Oggi, 29 gennaio, è in programma in Pakistan una nuova udienza della Corte suprema sul caso di Asia Bibi, la mamma cattolica perseguitata per la sua fede e tenuta in prigione per oltre nove anni a causa di una falsa accusa di blasfemia. I giudici sono chiamati a pronunciarsi sulla richiesta di revisione della sentenza con cui la donna è stata assolta nell’ottobre 2018.
La richiesta di revisione del verdetto proviene da gruppi di fondamentalisti islamici, tra cui il partito Tehreek-e-Labbaik Pakistan (Tlp), che subito dopo la notizia dell’assoluzione (diffusa il 31 ottobre) avevano organizzato violente manifestazioni nelle strade delle principali città pachistane, spingendo il governo guidato da Imran Khan a firmare un accordo in più punti, inclusa la garanzia che l’esecutivo non si sarebbe opposto al riesame della sentenza del massimo tribunale pachistano. Alcune settimane più tardi le forze dell’ordine avevano organizzato una vasta retata arrestando un gran numero di estremisti. Un altro segnale incoraggiante lo si è avuto a gennaio, quando circa 500 imam hanno firmato la cosiddetta Dichiarazione di Islamabad per prendere le distanze dai fondamentalisti e dire che «uccidere con il pretesto della religione è contrario ai precetti dell’islam», sostenendo inoltre una risoluzione collegata, con un riferimento esplicito al caso di Asia.
Il ricorso contro l’assoluzione è stato presentato nello specifico da Qari Muhammad Salam, cioè l’uomo che aveva già sostenuto in primo grado l’accusa di blasfemia nei confronti di Asia, una contadina, il cui calvario era iniziato dopo un diverbio avuto nel giugno 2009 con delle lavoratrici musulmane che l’avevano insultata per aver bevuto dallo stesso recipiente a loro destinato, dicendole di aver reso “impura” l’acqua e poi attribuendole offese a Maometto. Gli avvocati di Salam, si legge sulla Stampa, ritengono «l’assoluzione di Asia Bibi non conforme agli standard di giurisprudenza, né alle disposizioni islamiche e al normale corso della giustizia, con riferimento all’applicazione delle leggi sulla blasfemia» e chiedono inoltre di inserire il nome della madre cristiana nella Exit control list, la lista di controllo delle uscite, per impedirle di lasciare il Pakistan.

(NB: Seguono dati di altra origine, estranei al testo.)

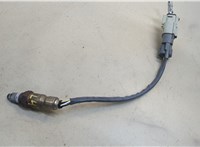  Лямбда зонд Buick Envision 2020-2025 20431998 #1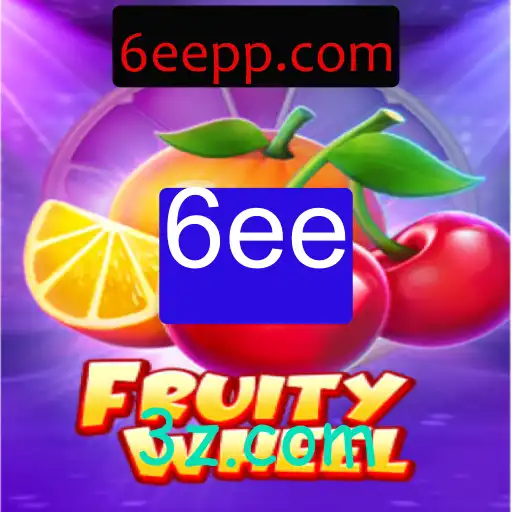 Descubra o Mundo Emocionante de FruityWheel: Regras e Estratégias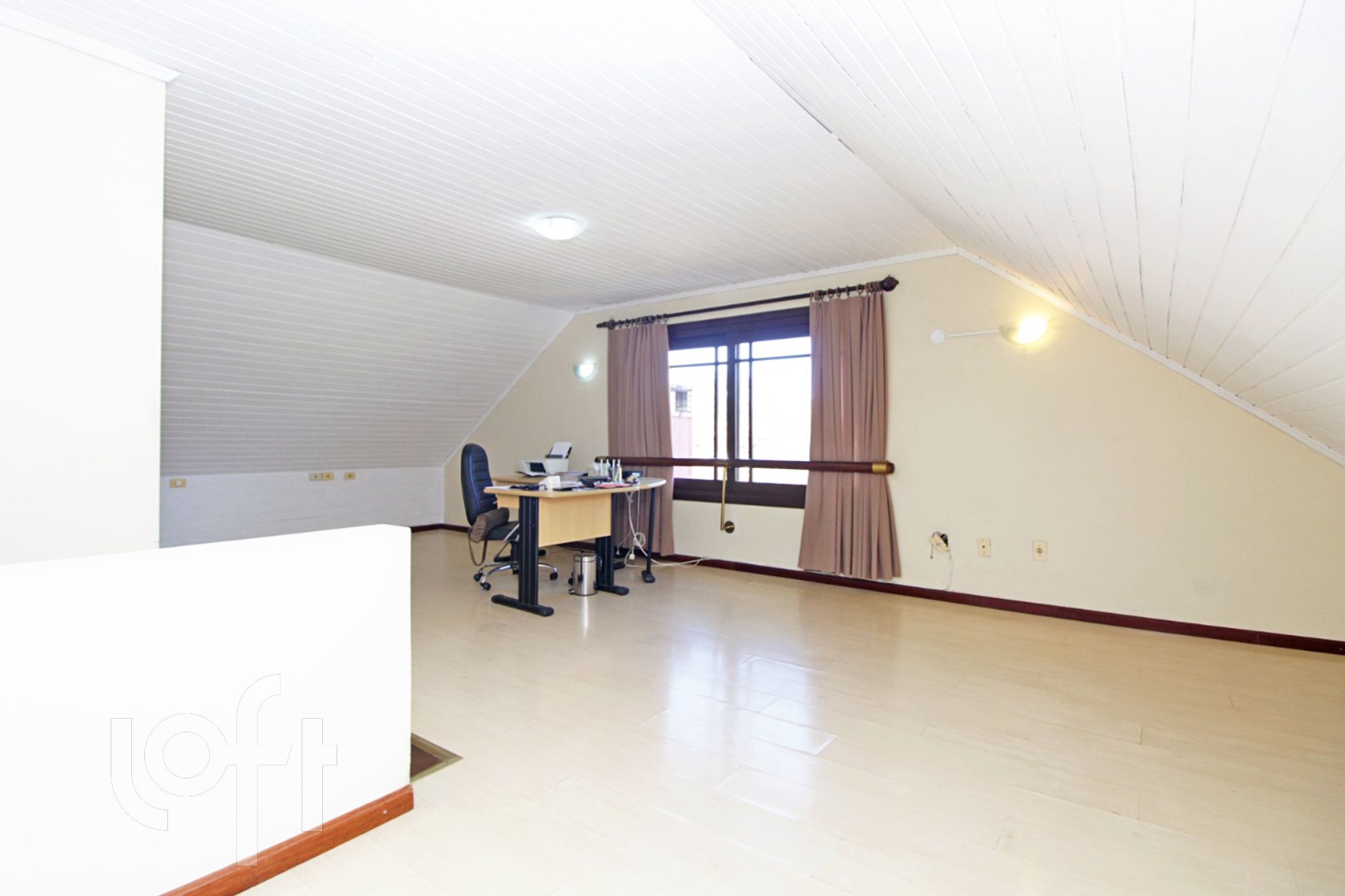 Imagem da propriedade 32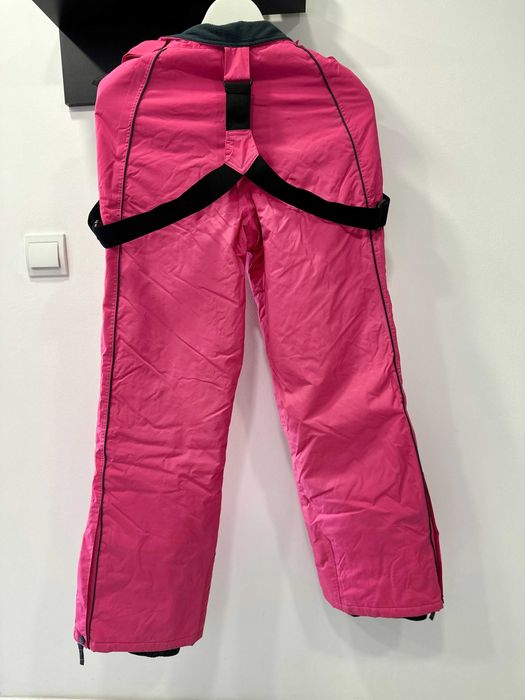 Costum ski fete 164 – geacă + pantaloni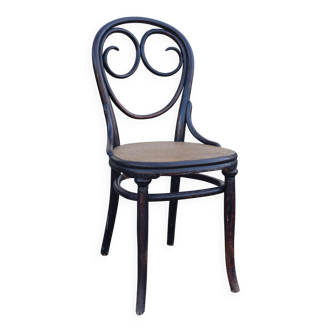 Chaise Thonet n°2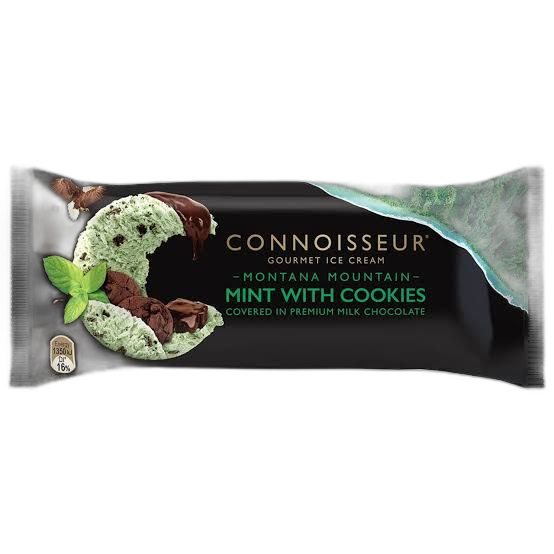 Connoisseur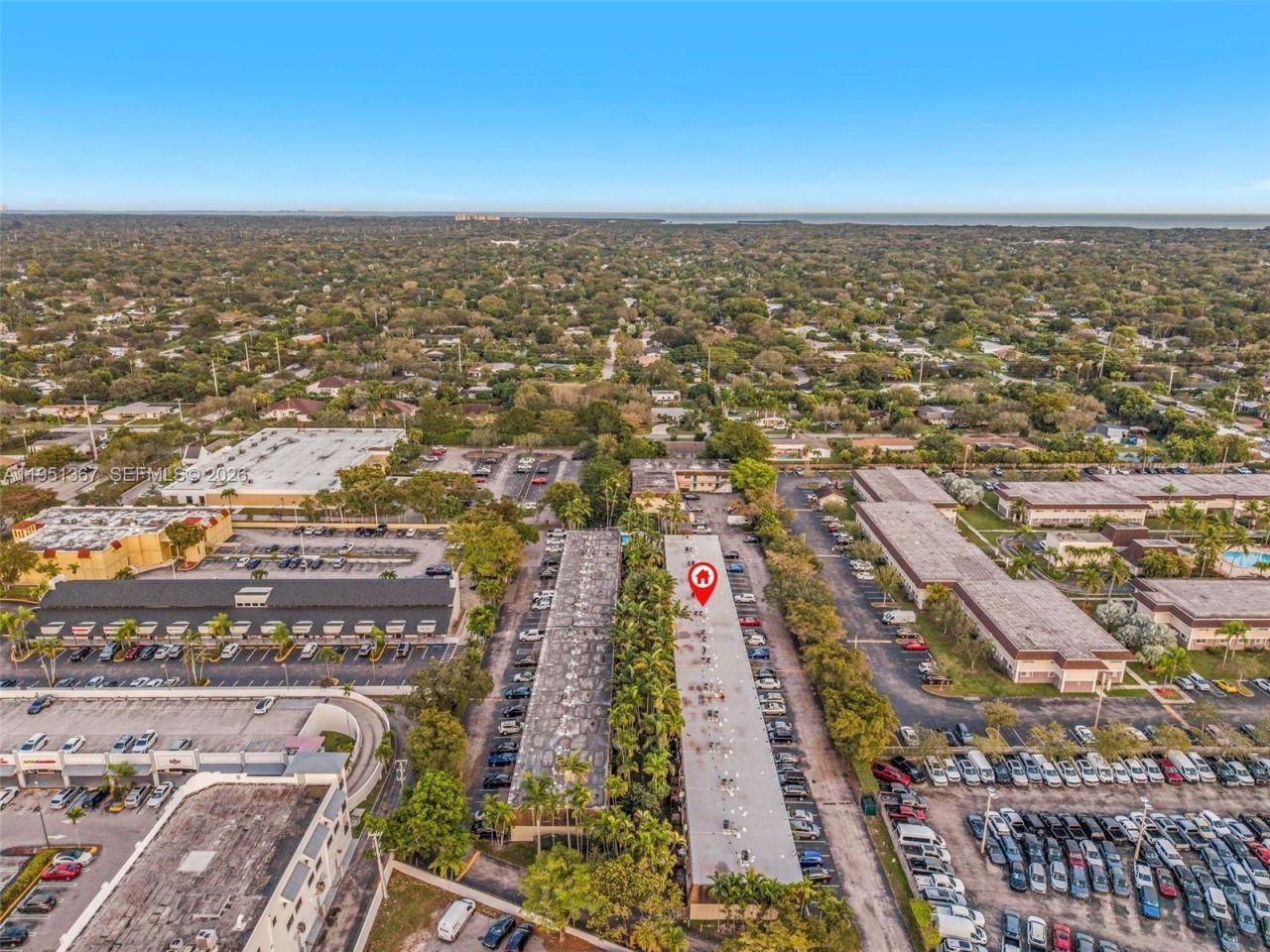 15389 S Dixie Hwy 38 Hwy, Palmetto Bay, FL 33157 Photo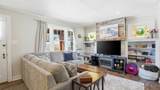 729 Woodbourne Ave - Photo 8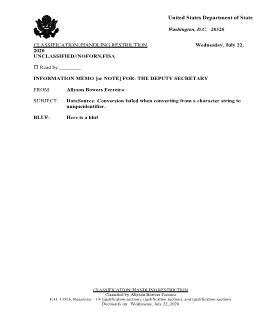 pdf image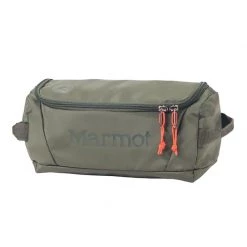 Marmot Travel backpacks Mini Hauler 6L -Deals Outdoors Store 38110 4859 P01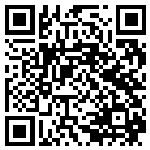 QR Code for Kabahuma Sonia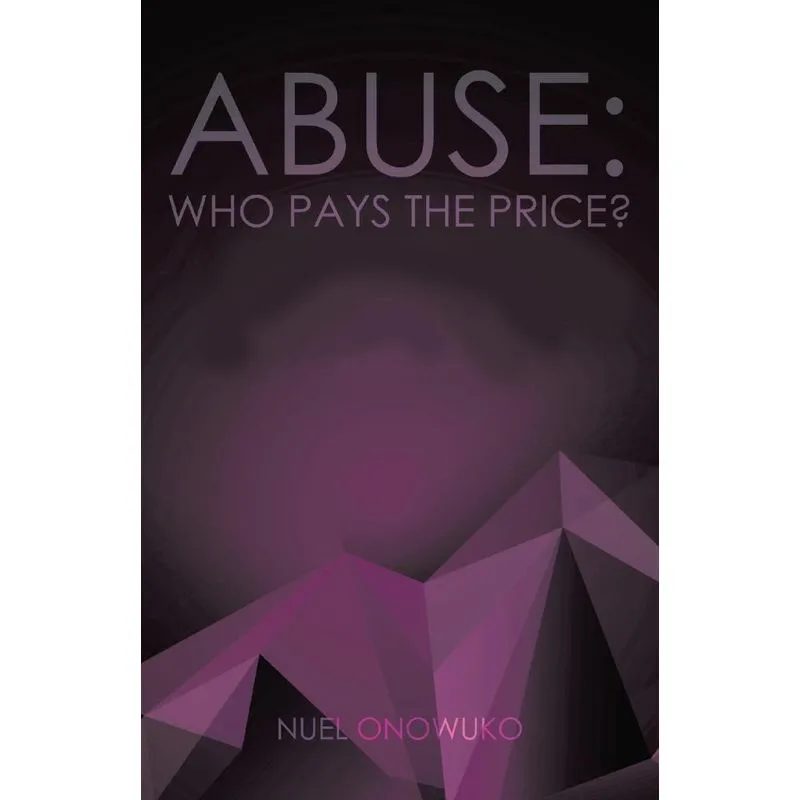 Abuse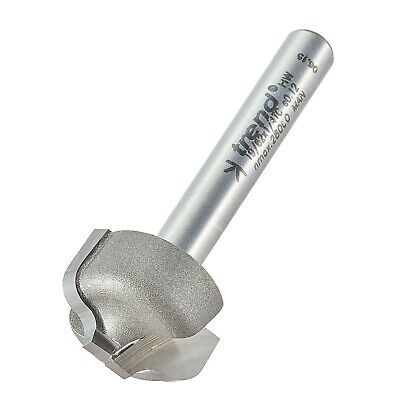 TREND 19/62 TC 1/4"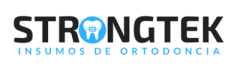 Strongtek
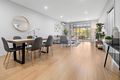 Property photo of 204/4 Broughton Street Canterbury NSW 2193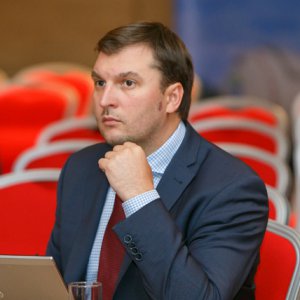 Почему Коломойский не идет в отпуск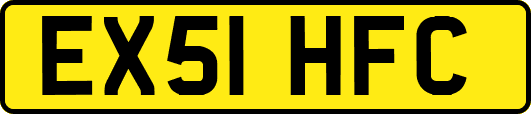 EX51HFC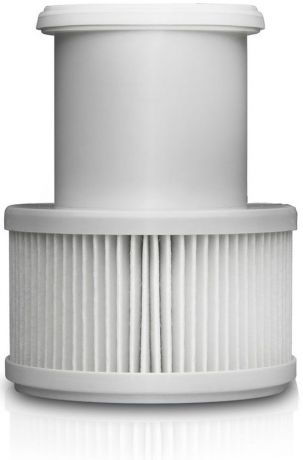 Medisana Air сменный фильтр 3М для очистителя воздуха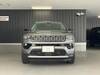 CHRYSLER JEEP COMPASS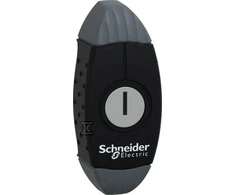 Schneider Electric WKŁADKA Z KLUCZEM S1242E DO SP.3D S5133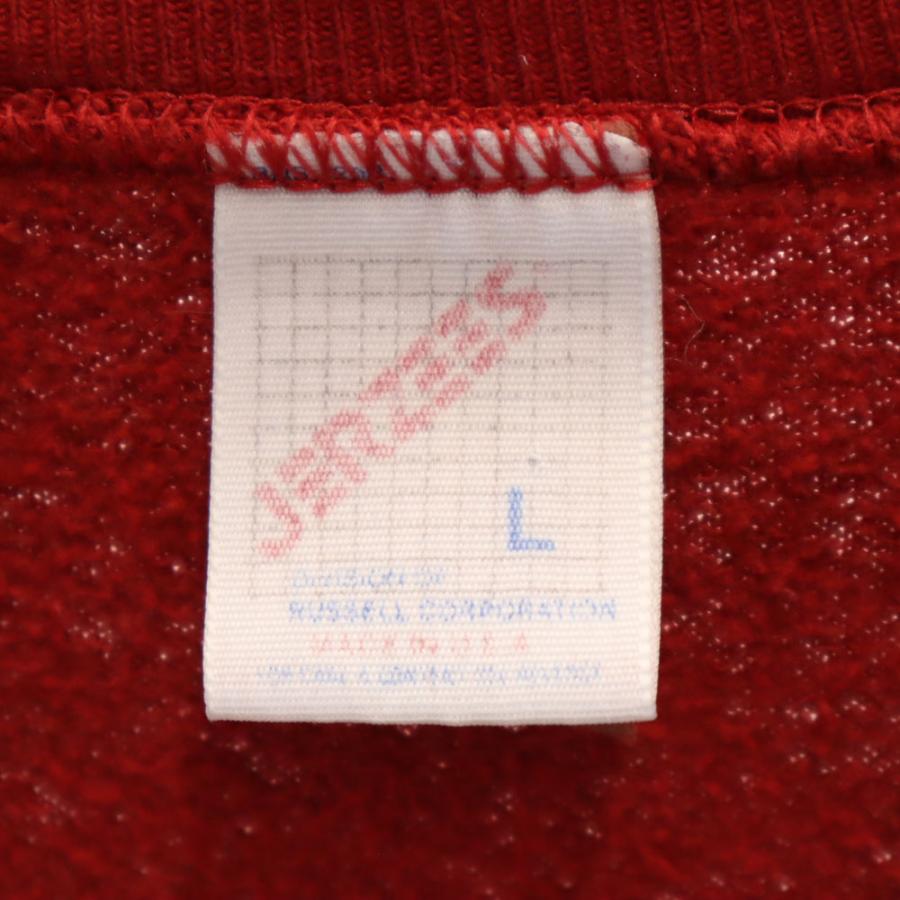 JERSEYS JERZEES ジャージーズ 90s USA製 オールド パズル ミッキー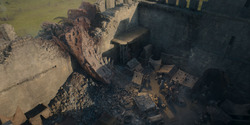 HouseOfTheDragon_3x04-Tumbleton_02013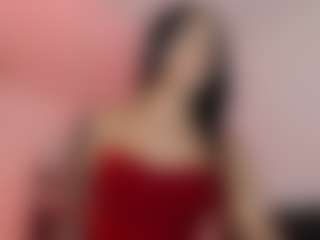 Jesica-simpsons Live-Sex-Cam-Show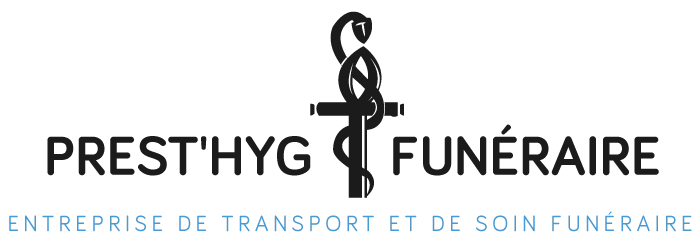 PREST'HYG FUNERAIRE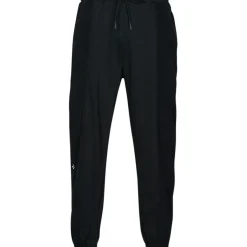 Converse - ELEVATED SEASONAL KNIT PANT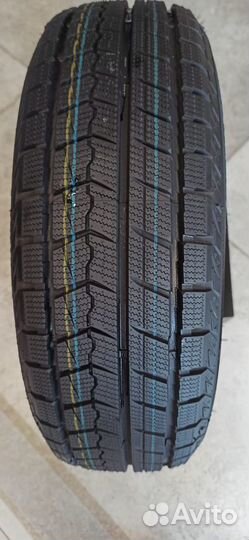 iLink Winter IL868 185/65 R14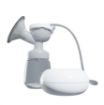 Obrázek Tesla Breast Pump BP100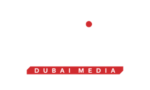 dmi-logo-white
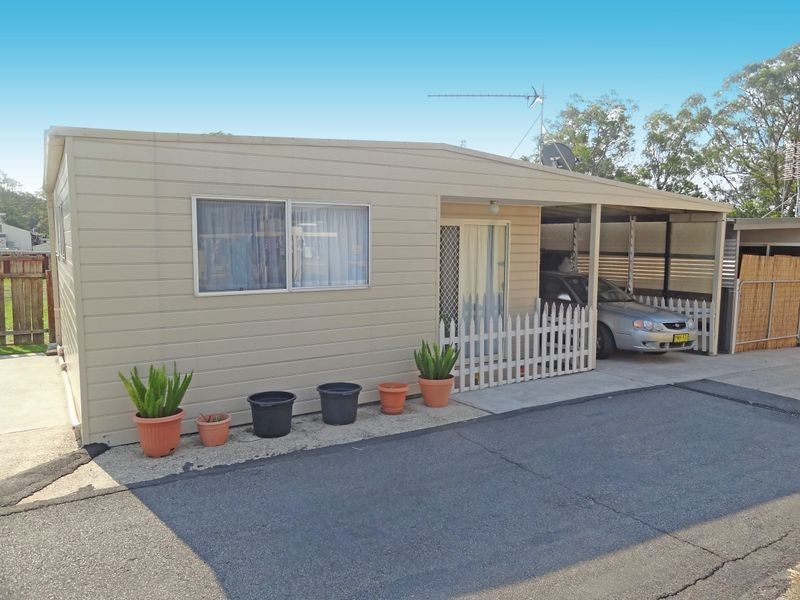 Site 6 419 Tarean Road, Karuah NSW 2324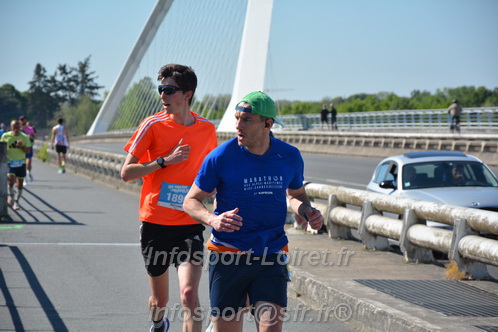 Foulees_Orleans2026/ORLEANSF2026_12612.JPG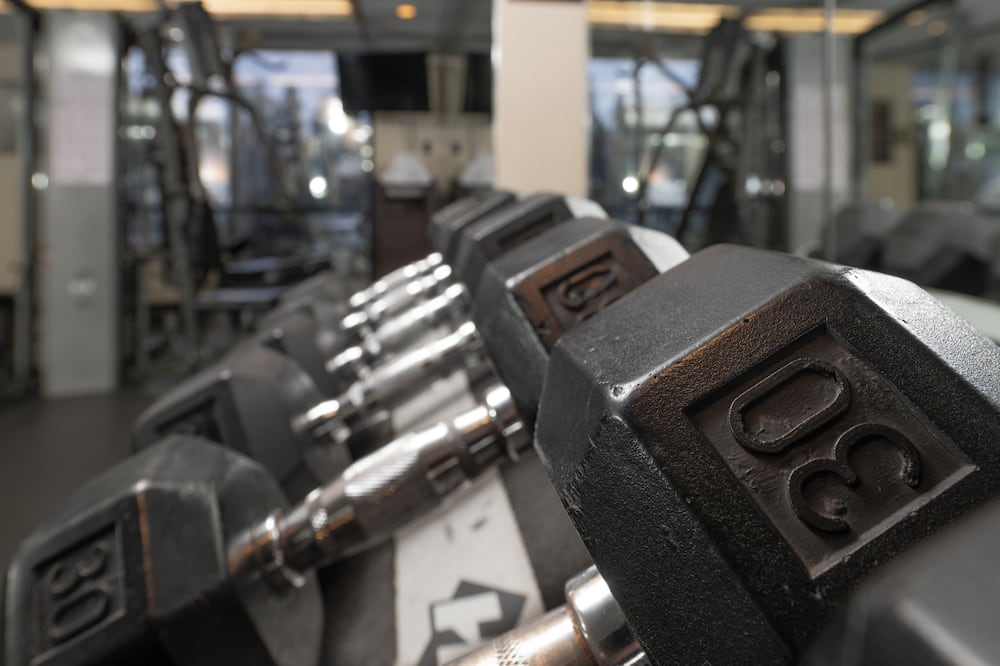 ナッツ ベリー ファーム ホテル 写真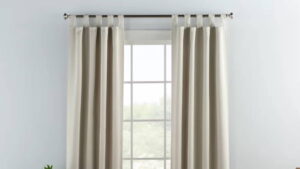Modern Curtain Ideas: Elevate Your Space with latest Designs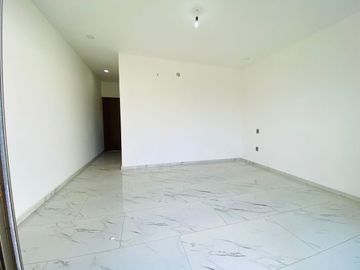 Casa en Fraccionamiento en Paraíso Country Club, Emiliano Zapata, Morelos CAEN-8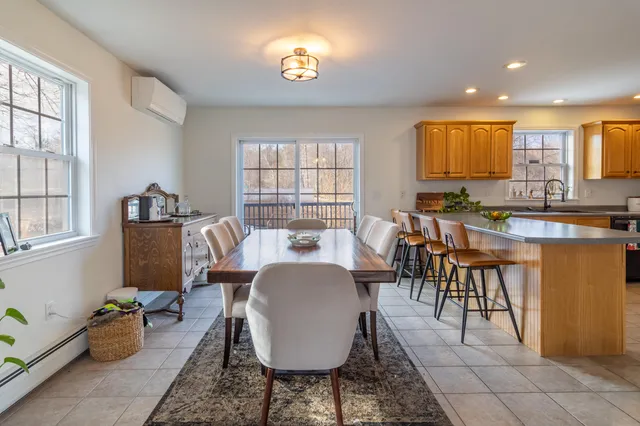 $454,900 | 52 Mechanic Street, Winterport, ME 04496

Intanto, riferisce l’Ansa, l’avvocato della donna cristiana, il musulmano Saif-ul-Muluk, che a inizio novembre aveva lasciato all’improvviso il Pakistan temendo per la propria incolumità, è tornato in patria per difendere la sua assistita. La Corte suprema sarà presieduta dal giudice Asif Saeed Khosa, affiancato da Qazi Faez Isa e Mazhar Alam Khan Miankhel. Filtra ottimismo sulla decisione dei giudici e lo stesso Muluk ha detto più volte che è molto probabile che la Corte suprema confermi la sentenza di ottobre, ponendo la parola fine sul percorso giudiziario, anche se si continua a temere per il dopo, alla luce del pericolo di attentati alla vita di Asia, che spera di poter lasciare presto il Pakistan con il marito Ashiq per ricongiungersi con le due figlie Eisham ed Esha, espatriate a dicembre in Canada.
L’attivista cristiano Sabir Michael, parlando con l’Agenzia Fides, ha detto di apprezzare «il comportamento della Corte suprema. Speriamo che la magistratura segua e tuteli lo stato di diritto e che la decisione sarà presa secondo la legge, senza cedere a minacci o ricatti. Questo caso è anche un banco di prova per la magistratura, per il governo e per le minoranze che vivono in Pakistan. Aspettiamo di capire come il governo gestisce le pressioni e gli attacchi di gruppi militanti e come saprà proteggere i suoi cittadini, per assicurare alle minoranze religiose un livello adeguato di sicurezza e benessere». In attesa di conoscere la decisione dei giudici, sosteniamo Asia e la sua famiglia con le nostre preghiere.
AGGIORNAMENTO 29/01/2019, ORE 11:25
Asia Bibi è definitivamente libera, la Corte Suprema ha respinto il ricorso contro la sentenza che lo scorso ottobre l’aveva assolta dal reato di blasfemia. Il verdetto definitivo è arrivato davanti a una capitale blindata e tenuta sotto scacco dai fondamentalisti islamici che volevano la morte della donna tenuta in carcere per oltre 9 anni. Ora c’è la speranza che possa presto lasciare il Paese e, insieme al marito, ricongiungersi con la sua famiglia che si trova già all’estero.